Tabloid (documentary)

Errol Morris must have felt like it was time to lighten up. After his last few documentaries addressed the death penalty, Holocaust deniers, the Vietnam War, and Abu Ghraib, his new one tells an astonishing-but-true story about an insane-but-functional woman named Joyce McKinney. It’s called “Tabloid,” and its purpose is not enlightenment but entertainment.

In 1977, England was delighted by a news story about a North Carolina girl who had come to the U.K. looking for the boyfriend who had left her and was now working as a Mormon missionary. The young man, Kirk Anderson, said that when Joyce McKinney found him in the midst of his religious labors, she abducted him, tied him to a bed, and made him have sex with her. When she was arrested, McKinney insisted it had all been consensual, though she also insisted Anderson was being held by the Mormons against his will, which was manifestly untrue.

Well, you can see why the story amused the Brits. “The case of the manacled Mormon!” screamed the headlines. The idea of a woman raping a man made for fascinating cocktail conversation; the fact that the man in question was a Mormon missionary made it especially provocative. Out on bail, McKinney became a media darling, photographed at movie premieres and at parties with rock stars. When she and her accomplice, Keith May, fled to the United States (in disguise, with fake passports), McKinney had 13 suitcases full of press clippings.

In his usual fashion, Morris simply trains the camera on McKinney and lets her tell her story. Say what you will about her — that she’s a rancid, delusional trollop, for example — there’s no denying she’s a colorful character. Her Southern accent and flair for the theatrical make her a lively interview subject. When the things she says are contradicted by other talking heads, including journalists who covered the story in 1977 and a man she hired at the time to help her find Anderson, she becomes an object of fascination. She is clearly not telling the truth about some things, and yet she seems to believe her story so intently.
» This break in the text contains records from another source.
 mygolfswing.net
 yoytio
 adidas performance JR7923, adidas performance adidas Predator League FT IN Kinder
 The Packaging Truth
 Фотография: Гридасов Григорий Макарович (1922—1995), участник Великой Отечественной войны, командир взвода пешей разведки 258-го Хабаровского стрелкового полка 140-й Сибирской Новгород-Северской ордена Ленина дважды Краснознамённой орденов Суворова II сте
She obviously loves being the center of attention, yet she claims all the publicity ruined her life. When anything negative is reported about her — like, for instance, that she worked part-time as an S&M mistress for hire — she acts wounded and aggrieved, like everyone’s just out to get her. In her view, she has never done anything wrong, ever, and none of her problems have been her own fault. Anything that would appear to suggest otherwise is a distortion or fabrication.
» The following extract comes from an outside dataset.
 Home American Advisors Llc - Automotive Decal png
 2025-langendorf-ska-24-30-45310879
What Morris has realized is the same thing the tabloids have always known: that people with an outlandish sense of self-regard make for riveting entertainment. In keeping with the theme of sensationalized reporting, Morris indulges in a bit of tabloidism himself. McKinney despises the Mormon church, blaming it for turning Anderson against her. When she rails spitefully against the faith’s ceremonies and doctrines — the specifics of which have nothing to do with the matter at hand — Morris helpfully finds a random, sarcastic ex-Mormon to offer further insight into how weird Mormons are. For illustration purposes, he uses clips from a film called “The Godmakers,” a ludicrously slanted and long discredited anti-Mormon screed from 1982. Quoting “The Godmakers” in a story about Mormons is like quoting Mel Gibson in a story about Judaism.

While this sort of arbitrary disrespect will be offensive to Mormons, it fits with the theme of “Tabloid,” which is that sensationalism sells. No matter who’s talking, Morris is eager to make fun of their foibles, to underscore their peculiarities. (One of the journalists refers to Anderson’s manacled position as “spread-eagle”; Morris flashes the words “spread-eagle” on the screen every time he does.) He only corrects their falsehoods when doing so will stir things up further. Otherwise, he lets them stand. Joyce McKinney is a freak show, engaging in one crazy shenanigan after another: the “manacled Mormon” story was just the start. None of her insane adventures are “relevant,” per se, except insofar as they give us one more thing to be entertained by.

Morris has made insightful and thought-provoking documentaries in the past (see especially “Mr. Death” and “Fog of War”), and he probably will again. “Tabloid” is nothing more than a lark, the equivalent of glancing at the goofy headlines in the checkout line and then forgetting all about them.